▸ **Work instruction**
All records below must be reproduced exactly, although any pictures they contain are to be omitted.

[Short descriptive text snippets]
• • •

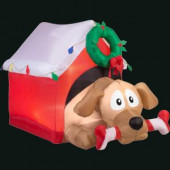 43.7 in. L x 66.14 in. W x 44.49 in. H Inflatable Animated Dog in Presents with Candy Cane Bone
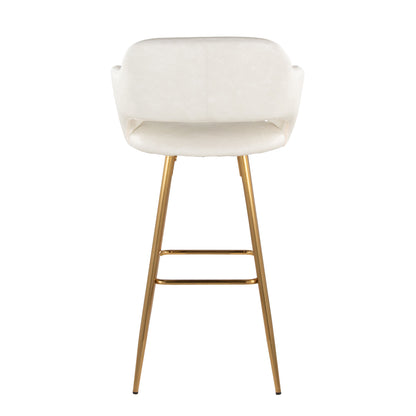 Margarite - Contemporary Fixed Height Barstool With Square Footrest (Set of 2) - Gold / Cream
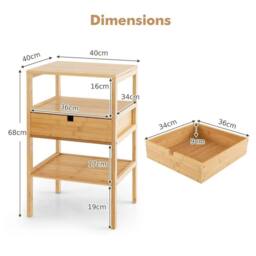 Hinsinc 2 Pack Bamboo Nightstands With Drawer Storage in Brown - Size: 0.6m2 - thumbnail 2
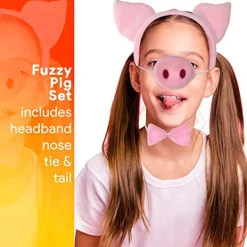 Griskostymtillbehör Set - Rosa fluffiga grisöronpannband, fluga><noscript><img width=
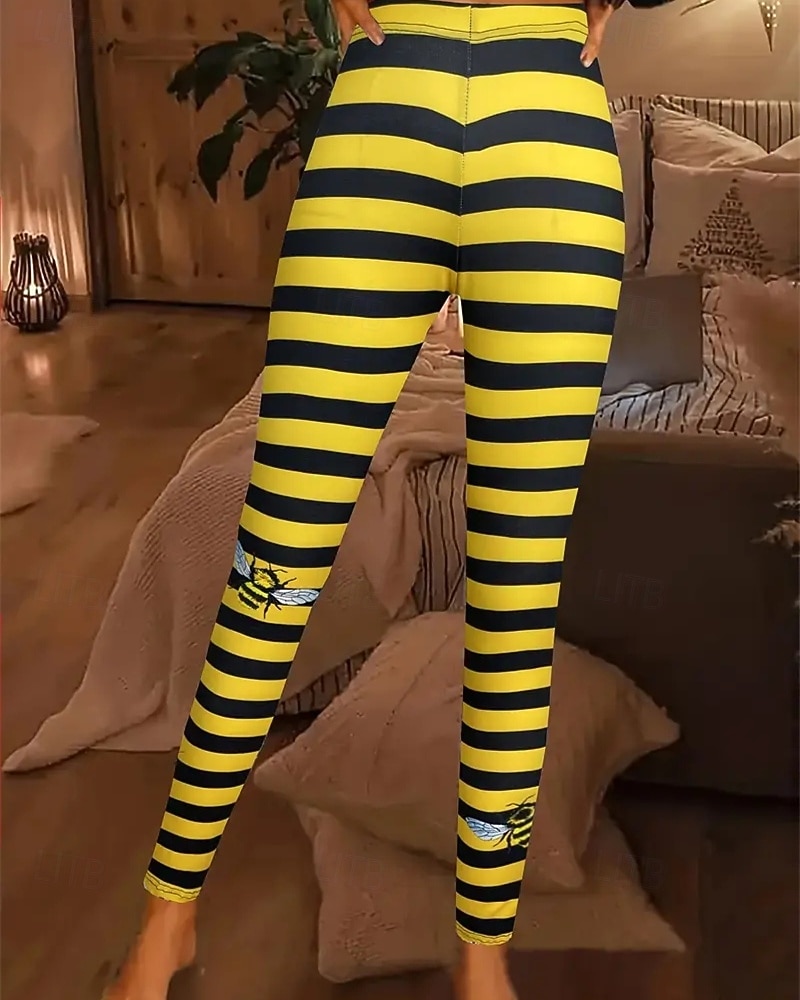 Mulheres Calças Leggings Roupa de rua Casual Comprimento total Cintura Alta Listra Cintura elástica Imprimir Respirabilidade Confortável Com Stretch Férias Rua Roupa Diária Amarelo Verão Primavera de 2025 por $17.99 –P2
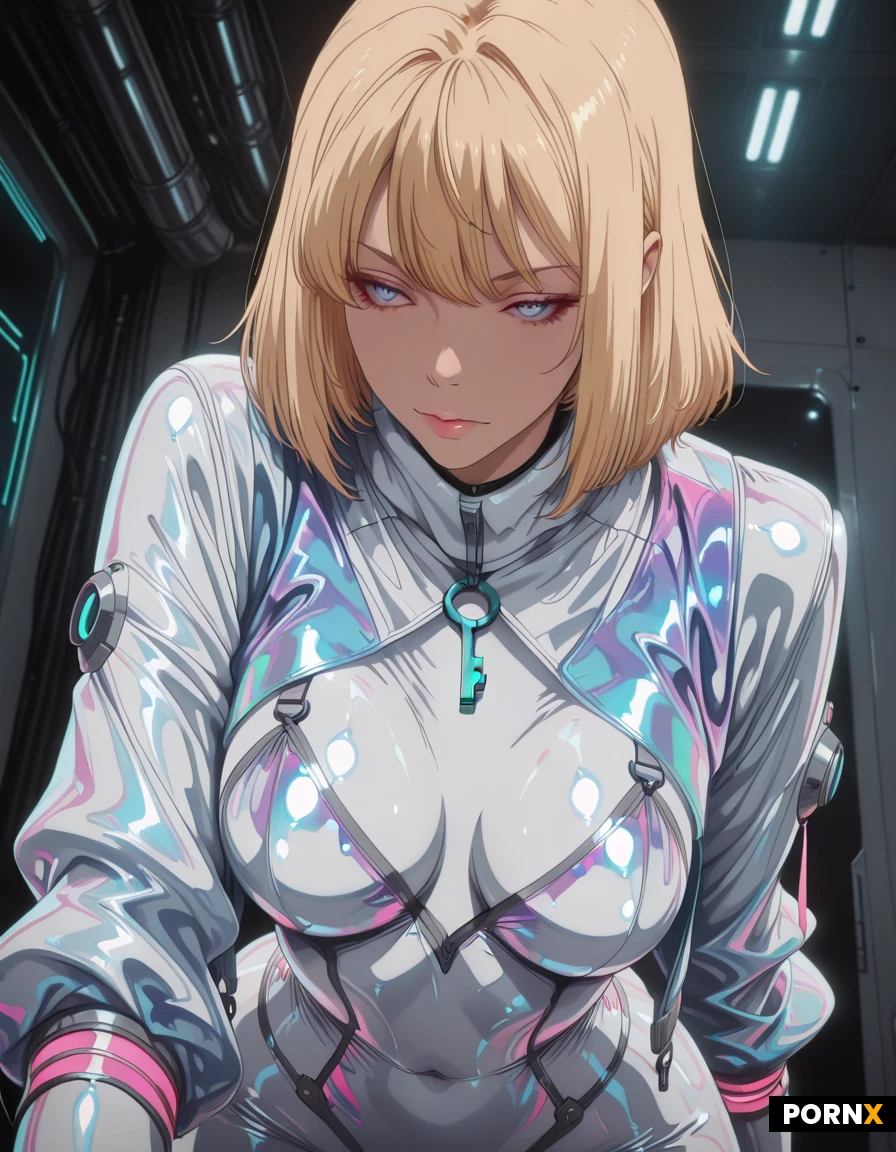 sexy woman, high-end anime key visual, short blonde hair, iridescent white bodysuit and an iridescent holographically reflective neon jacket. sci-fi anime-inspired aesthetic rendered in hyper-realistic digital painting style, 8K, ultra-photorealistic rendering, studio lighting, sharp focus.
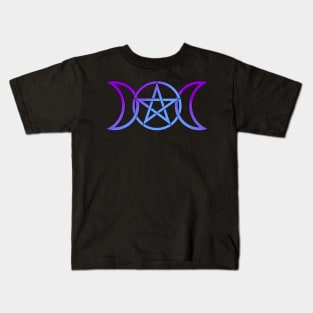 Triple Moon Goddess light purple to blue Kids T-Shirt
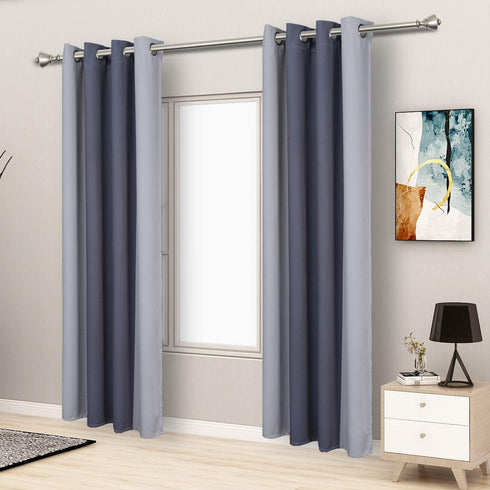 FLOWEROOM Color Block Blackout Curtains for Bedroom, 52 x 72 Inch Long, Grey and Silvery Grey Thermal Insulated and Sun Light Blocking Gradient Curtain, Grommet Window Curtains, Set of 2 Panels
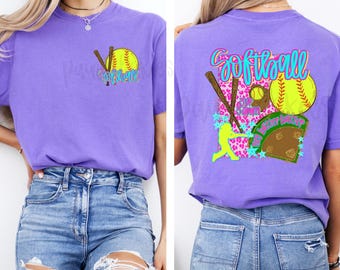 Preppy Softball Comfort Colors T-shirt | Womens Oversized shirt | cute softball shirt | softball mama t-shirt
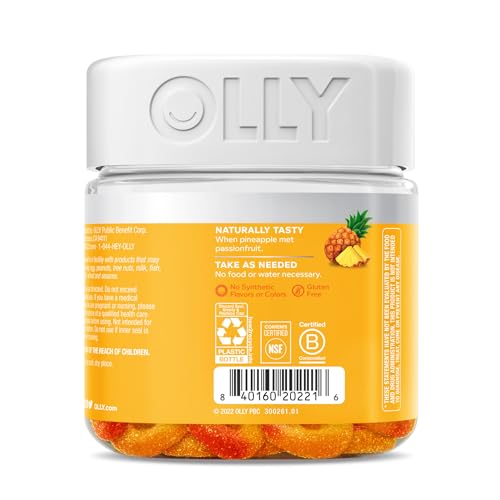 OLLY Post-Game Recover Workout Gummy Rings, Vitamin D, Turmeric, Electrolytes, Pineapple Punch Flavor - 25 Count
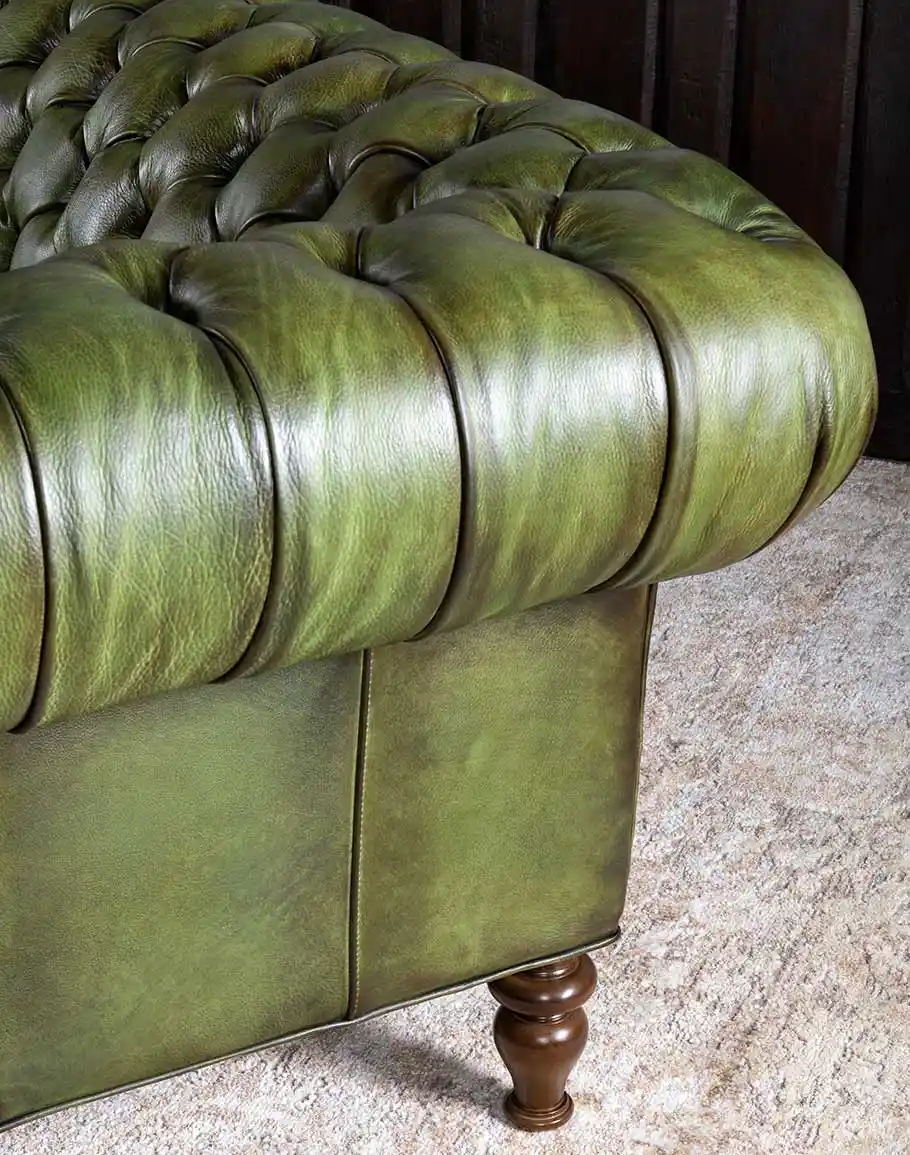 Chesterfield Carlton Olive Leather Sofa - Image 6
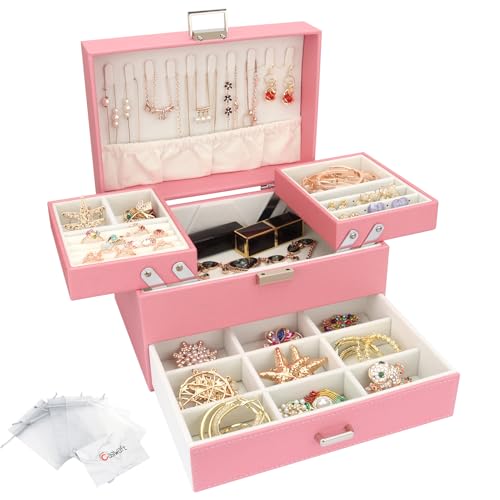 Schmuckkasten, Schmuckkästchen mit Schubladen für Damen Mädchen, PU-Leder Jewelry Box Schmuckbox Schmuckschatulle Groß Schmuckaufbewahrung für Ringe Ohrringe Armbänder Halsketten, Rosa von Casiwaft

• • •

▸ **Written solution**
 43.7 in. L x 66.14 in. W x 44.49 in. H Inflatable Animated Dog in Presents with Candy Cane Bone
 Margarite - Contemporary Fixed Height Barstool With Square Footrest (Set of 2) - Gold / Cream
 Hinsinc 2 Pack Bamboo Nightstands With Drawer Storage in Brown - Size: 0.6m2 - thumbnail 2
 Griskostymtillbehör Set - Rosa fluffiga grisöronpannband, fluga><noscript><img width=
 Mulheres Calças Leggings Roupa de rua Casual Comprimento total Cintura Alta Listra Cintura elástica Imprimir Respirabilidade Confortável Com Stretch Férias Rua Roupa Diária Amarelo Verão Primavera de 2025 por $17.99 –P2
 sexy woman, high-end anime key visual, short blonde hair, iridescent white bodysuit and an iridescent holographically reflective neon jacket. sci-fi anime-inspired aesthetic rendered in hyper-realistic digital painting style, 8K, ultra-photorealistic rendering, studio lighting, sharp focus.
 Triple Moon Goddess light purple to blue Kids T-Shirt
 FLOWEROOM Color Block Blackout Curtains for Bedroom, 52 x 72 Inch Long, Grey and Silvery Grey Thermal Insulated and Sun Light Blocking Gradient Curtain, Grommet Window Curtains, Set of 2 Panels
 Preppy Softball Comfort Colors T-shirt | Womens Oversized shirt | cute softball shirt | softball mama t-shirt
 OLLY Post-Game Recover Workout Gummy Rings, Vitamin D, Turmeric, Electrolytes, Pineapple Punch Flavor - 25 Count
 Chesterfield Carlton Olive Leather Sofa - Image 6
 Schmuckkasten, Schmuckkästchen mit Schubladen für Damen Mädchen, PU-Leder Jewelry Box Schmuckbox Schmuckschatulle Groß Schmuckaufbewahrung für Ringe Ohrringe Armbänder Halsketten, Rosa von Casiwaft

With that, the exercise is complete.